Acadia National Park
With about 49,000 acres of protected forests, beaches, mountains, and rocky coastline, Acadia National Park is the second-most-visited national park in America (after the Great Smoky Mountains National Park). According to the National Park Service, 2 million people visit Acadia each year. The park holds some of the most spectacular scenery on the Eastern Seaboard: a rugged coastline of surf-pounded granite and an interior graced by sculpted mountains, quiet ponds, and lush deciduous forests. Cadillac Mountain (named after a Frenchman who explored here in the late 1600s and later founded Detroit), the highest point of land on the East Coast, dominates the park. Although it's rugged, the park also has graceful stone bridges, miles of carriage roads (popular with walkers, runners, and bikers as well as horse-drawn carriages), and the Jordan Pond House restaurant (famous for its popovers).

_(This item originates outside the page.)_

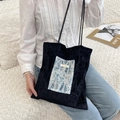 Close-up of velvet tote bag featuring blue lace embroidery details and slim shoulder strap - Blue Lace + Black Velvet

The 27-mile Park Loop Road provides an excellent introduction, but to truly appreciate the park you must get off the main road and experience it by walking, hiking, biking, sea kayaking, or taking a carriage ride. If you get off the beaten path, you can find places you'll have practically to yourself. Mount Desert Island was once a preserve of summer homes for the very rich (and still is for some), and, because of this, Acadia is the first national park in the United States that was largely created by donations of private land. There are two smaller parts of the park: on Isle au Haut, 15 miles away out in the ocean, and on the Schoodic Peninsula, on the mainland across Frenchman Bay from Mt. Desert.